En septiembre de 1811 en Tlapa, Guerrero, Valerio Trujano se presentó al general José María Morelos, quien lo envió a ocupar el pueblo de Silacayoapan; desempeñando la misión con éxito. Después, en unión de don Miguel Bravo lo enviaron a Oaxaca donde encontró y atacó a Francisco Paris Tecamaxtla.
Durante su exitosa participación en la lucha de independencia, el 2 de enero de 1812; marchó a Yanhuitlán para combatir a Regules; después Trujano marchó a Cuicatlán, donde derrotó a Manuel Güendulain, quedando muerto este jefe realista.
El 5 de abril de 1812 marchó a Huajuapan, donde combatió a los realistas Bonavía, Juan Antonio Calderas, y Regules; a pesar de la ventaja de sus adversarios Trujano se fortificó a toda prisa y con el metal de las campanas fabricó cañones que le ayudaron a resistir el asedio de ciento once días.
Los clérigos insurgentes Sánchez y Tapia marcharon en su auxilio con un gran número de gente, abundantes víveres y nueve cañones; pero al acercarse a la plaza, el 17 de mayo de 1812 Calderas los atacó sorpresivamente y los hizo huir, perdiendo artillería y alimentos. Y así, sin municiones, solicitó ayuda a Morelos, que se hallaba en Chilapa.
Morelos mandó a don Miguel Bravo con ochocientos hombres; también fueron vencidos. El propio Morelos acudió en auxilio de Valerio Trujano, operando ambos de modo combinado, para hacer que los realistas abandonaran el sitio; Calderas muere en el combate, Regules se fuga; los insurgentes obtienen un gran botín: doce cañones, miles de municiones, más de dos mil fusiles y como doscientos prisioneros realistas.
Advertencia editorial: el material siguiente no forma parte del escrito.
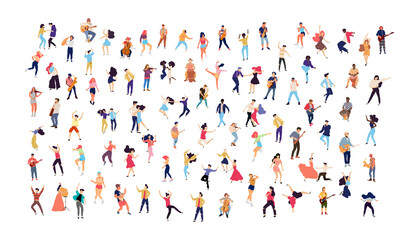 Fototapeta na wymiar Dancing people vector isolated illustration. Musicians flat illustration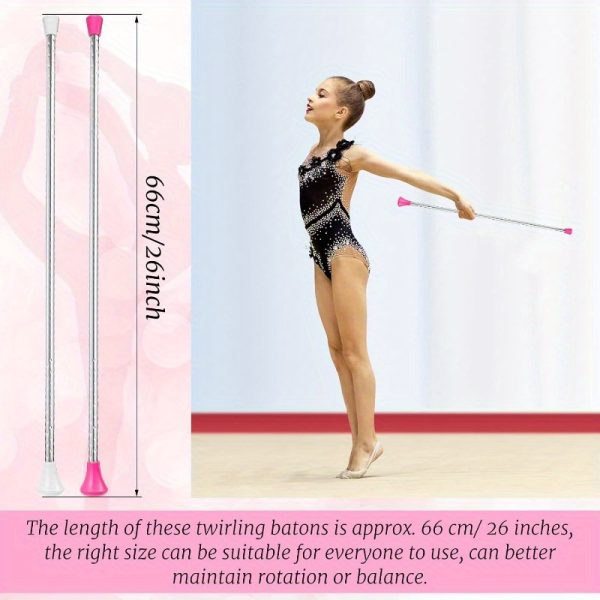 hydren twirling baton unisex gymnastics dance metal baton marching band parade stick for talent shows artistic dancing twirling 26 inch white pink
Allí mismo organizó Trujano el batallón San Lorenzo y con él sostuvo otros encuentros.
El coronel Valerio Trujano, murió en combate, en el rancho de La Virgen, en Tepeaca, Puebla, el 7 de octubre de 1812. Fue sepultado en Tehuacán, Pue., con honores militares.
Dentro de la Columna del Ángel de la Independencia, sobre la calle Paseo de la Reforma, en el Distrito Federal, se encuentran los restos de Ignacio Allende, Juan Aldama, Mariano Jiménez, Miguel Hidalgo y Costilla, Mariano Matamoros, José María Morelos y Pavón, Víctor Rosales, Pedro Moreno, Xavier Mina, Vicente Guerrero, Leona Vicario, Guadalupe Victoria, Andrés Quintana Roo y Nicolás Bravo.
Y tus templos, palacios y torres se derrumben con hórrido estruendo, y sus ruinas existan diciendo: de mil héroes la patria aquí fue.